Washington, September 12: The US has announced its readiness to hold direct talks with North Korea to persuade it to return to stalled negotiations on ending its nuclear program.

“If a bilateral discussion will lead us back to a six-party process, then why would we not do that?” US State Department spokesman P.J. Crowley told reporters on Friday in Washington.

He noted, at the same time, that no decision has been made on when and where such meeting would be held. “We’ve made no decisions at this point, other than just to say we are prepared for a bilateral talk, if that will help advance the six-party process,” he said.

Crowley said consultations among President Barack Obama, Secretary of State Hillary Rodham Clinton and other world leaders about a possible meeting between the US and North Korea could occur at the UN General Assembly this month, adding it was unlikely bilateral talks would take place prior to that time.

Earlier this week, the US special envoy on North Korea met with officials from Seoul, Beijing and Tokyo to discuss the multilateral talks. This is while, North Korea had announced earlier that it would only talk one-on-one with Washington.

Stephen Bosworth said in Japan that the United States is open to bilateral meetings with Pyongyang, but not as a substitute for the six-party disarmament talks.

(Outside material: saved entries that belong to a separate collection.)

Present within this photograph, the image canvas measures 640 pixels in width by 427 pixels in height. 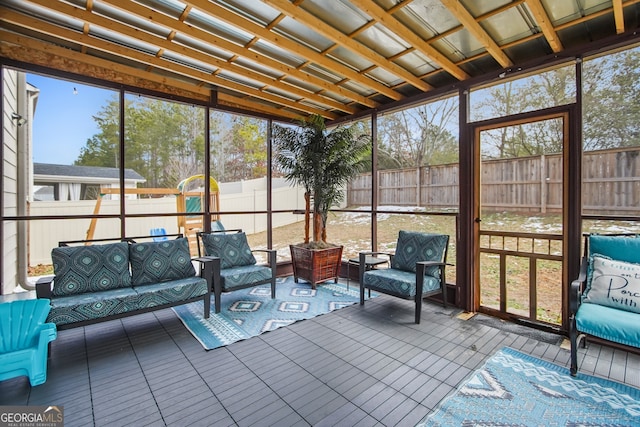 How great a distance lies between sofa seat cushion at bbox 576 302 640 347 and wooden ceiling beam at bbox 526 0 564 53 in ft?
7.88

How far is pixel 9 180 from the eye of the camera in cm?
344

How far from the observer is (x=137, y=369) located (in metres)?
2.48

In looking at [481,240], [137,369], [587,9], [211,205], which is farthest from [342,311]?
[587,9]

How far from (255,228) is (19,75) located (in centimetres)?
351

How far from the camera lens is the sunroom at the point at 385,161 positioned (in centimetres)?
234

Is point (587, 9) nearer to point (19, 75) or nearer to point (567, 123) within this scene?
point (567, 123)

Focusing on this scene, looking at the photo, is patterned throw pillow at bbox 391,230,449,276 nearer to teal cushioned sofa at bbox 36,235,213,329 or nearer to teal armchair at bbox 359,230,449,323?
teal armchair at bbox 359,230,449,323

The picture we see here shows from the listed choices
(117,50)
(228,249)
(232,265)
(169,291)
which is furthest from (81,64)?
(232,265)

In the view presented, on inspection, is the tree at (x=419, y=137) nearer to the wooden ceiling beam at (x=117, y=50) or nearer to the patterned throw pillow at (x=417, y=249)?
the patterned throw pillow at (x=417, y=249)

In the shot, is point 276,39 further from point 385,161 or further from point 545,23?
point 385,161

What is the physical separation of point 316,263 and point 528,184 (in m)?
2.96

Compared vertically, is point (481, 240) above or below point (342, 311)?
above

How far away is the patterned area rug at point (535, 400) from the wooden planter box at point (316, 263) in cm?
269

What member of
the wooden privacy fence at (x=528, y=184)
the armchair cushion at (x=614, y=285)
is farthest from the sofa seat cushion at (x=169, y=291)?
the armchair cushion at (x=614, y=285) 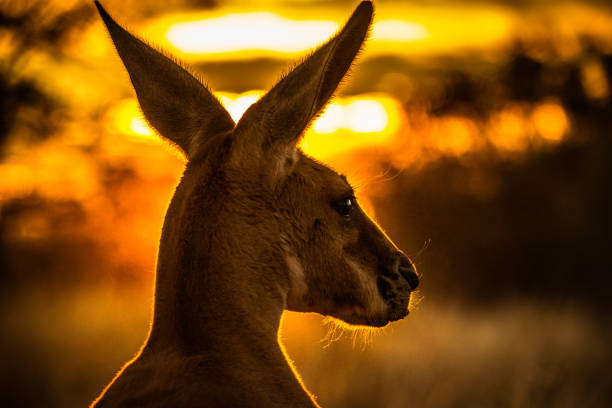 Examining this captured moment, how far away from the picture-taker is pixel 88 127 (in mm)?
13086

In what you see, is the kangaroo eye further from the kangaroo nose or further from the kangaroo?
the kangaroo nose

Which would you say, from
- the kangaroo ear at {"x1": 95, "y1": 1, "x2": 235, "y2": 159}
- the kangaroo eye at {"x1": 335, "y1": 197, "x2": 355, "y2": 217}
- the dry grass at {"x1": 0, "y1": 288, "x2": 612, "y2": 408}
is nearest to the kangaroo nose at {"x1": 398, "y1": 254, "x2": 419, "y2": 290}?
the kangaroo eye at {"x1": 335, "y1": 197, "x2": 355, "y2": 217}

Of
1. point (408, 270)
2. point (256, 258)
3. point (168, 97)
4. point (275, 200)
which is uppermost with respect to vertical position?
point (168, 97)

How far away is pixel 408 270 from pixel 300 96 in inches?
38.7

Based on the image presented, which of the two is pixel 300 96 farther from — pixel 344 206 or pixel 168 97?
pixel 168 97

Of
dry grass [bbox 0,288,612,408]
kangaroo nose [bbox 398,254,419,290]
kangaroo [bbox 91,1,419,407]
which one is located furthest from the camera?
dry grass [bbox 0,288,612,408]

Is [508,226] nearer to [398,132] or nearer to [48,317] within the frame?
[398,132]

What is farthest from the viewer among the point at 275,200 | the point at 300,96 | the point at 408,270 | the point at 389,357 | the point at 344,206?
the point at 389,357

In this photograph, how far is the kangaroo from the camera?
2.84 m

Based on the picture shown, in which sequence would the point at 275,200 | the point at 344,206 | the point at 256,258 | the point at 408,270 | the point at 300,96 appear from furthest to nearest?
the point at 408,270 → the point at 344,206 → the point at 275,200 → the point at 256,258 → the point at 300,96

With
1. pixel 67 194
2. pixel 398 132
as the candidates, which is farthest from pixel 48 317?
pixel 398 132

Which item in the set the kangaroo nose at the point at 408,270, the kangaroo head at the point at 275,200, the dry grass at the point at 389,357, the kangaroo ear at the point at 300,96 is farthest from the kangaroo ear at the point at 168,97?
the dry grass at the point at 389,357

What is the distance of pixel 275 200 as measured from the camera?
3135 millimetres

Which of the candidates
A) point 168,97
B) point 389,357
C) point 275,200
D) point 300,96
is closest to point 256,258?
point 275,200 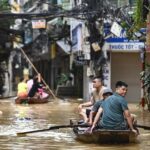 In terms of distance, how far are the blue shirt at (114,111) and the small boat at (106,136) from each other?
14cm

“It’s a bi-lateral discussion that (is) hopefully…within the six-party context, and it’s designed to convince North Korea to come back to the six-party process and take affirmative steps towards de-nuclearisation,” Crowley said.

He refrained from calling the acceptance of North Korea’s offer of bi-lateral talks a “policy shift”, saying instead that it was a “short-term” measure to try and bring Pyongyang back to the negotiation table.

The recent developments come after North Korean leader Kim Jong-Il made a number of conciliatory gestures toward the South over the past few weeks.

The announcement also comes just weeks after former US president Bill Clinton and North Korean leader Kim Jong-Il held a meeting in Pyongyang that secured the release of two US journalists who were serving prison sentences for entering the communist country illegally.

Tensions have risen on the Korean Peninsula since Pyongyang’s missile tests in May, which followed a US-sponsored condemnation of the North at the Security Council.